[Start of section]

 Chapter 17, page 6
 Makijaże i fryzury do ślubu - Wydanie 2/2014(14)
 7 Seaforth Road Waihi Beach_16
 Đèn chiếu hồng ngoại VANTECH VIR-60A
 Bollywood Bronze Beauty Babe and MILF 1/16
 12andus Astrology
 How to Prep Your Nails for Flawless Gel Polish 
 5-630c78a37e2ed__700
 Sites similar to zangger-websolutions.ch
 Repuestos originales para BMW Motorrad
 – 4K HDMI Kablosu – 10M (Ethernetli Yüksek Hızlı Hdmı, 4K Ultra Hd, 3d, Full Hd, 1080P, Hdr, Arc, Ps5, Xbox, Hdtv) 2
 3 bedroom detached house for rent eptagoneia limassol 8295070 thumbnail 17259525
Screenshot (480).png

[End of section]

**Exercise details:**
Your task is to retype, exactly and only, the lines from the one with "3 bedroom detached" through the final line above.

**Result:**
 3 bedroom detached house for rent eptagoneia limassol 8295070 thumbnail 17259525
Screenshot (480).png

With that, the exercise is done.